Petitioner merely relied on the testimony of the attending physician, Dr. Hernando Mejia, as
supported by the information given by the widow of the decedent
On the contrary the medical findings were not conclusive because Dr. Mejia did not conduct an
autopsy on the body of the decedent. Hence, the statement of the physician was properly
considered by the trial court as hearsay.
The CA’s stand is that contrary to appellant’s allegations, there was no sufficient proof that the
insured had suffered from hypertension.
 
Appellant insurance company had failed to establish that there was concealment made by the
insured, hence, it cannot refuse payment of the claim
 
The fraudulent intent on the part of the insured must be established to entitle the insurer to
rescind the contract. Misrepresentation as a defense of the insurer to avoid liability is an
affirmative defense and the duty to establish such defense by satisfactory and convincing
evidence rests upon the insurer. In the case at bar, the petitioner failed to clearly and satisfactorily
establish its defense, and is therefore liable to pay the proceeds of the insurance.
 
And that brings us to the last point in the review of the case at bar. Petitioner claims that there
was no evidence as to the amount of Dr. Leuterio’s outstanding indebtedness to DBP at the time
of the mortgagor’s death. Hence, for private respondent’s failure to establish the same, the action
for specific performance should be dismissed. Petitioner’s claim is without merit. A life insurance
policy is a valued policy.  Unless the interest of a person insured is susceptible of exact pecuniary
measurement, the measure of indemnity under a policy of insurance upon life or health is the
sum fixed in the policy.  The mortgagor paid the premium according to the coverage of his
insurance which states that:
The policy states that upon receipt of due proof of the Debtor’s death during the terms of this
insurance, a death benefit in the amount of P86,200.00 shall be paid.

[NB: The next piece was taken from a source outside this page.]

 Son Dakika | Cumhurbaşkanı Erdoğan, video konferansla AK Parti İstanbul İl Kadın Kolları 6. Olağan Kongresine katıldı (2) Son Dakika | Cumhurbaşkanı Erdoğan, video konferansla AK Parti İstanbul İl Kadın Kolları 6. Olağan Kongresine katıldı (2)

In the event of the debtor’s death before his indebtedness with the creditor shall have been fully
paid, an amount to pay the outstanding indebtedness shall first be paid to the Creditor and the
balance of the Sum Assured, if there is any shall then be paid to the beneficiary/ies designated by
the debtor.”

However, we noted that the CA  decision was promulgated in 1993. In private respondent’s
memorandum, she states that DBP foreclosed in 1995 their residential lot, in satisfaction of
mortgagor’s outstanding loan. Considering this supervening event, the insurance proceeds shall
inure to the benefit of the heirs of the deceased person or his beneficiaries. Equity dictates that
DBP should not unjustly enrich itself at the expense of another ( Nemo cum alterius detrimenio
protest). Hence, it cannot collect the insurance proceeds, after it already foreclosed on the
mortgage. The proceeds now rightly belong to Leuterio’s heirs represented by his widow.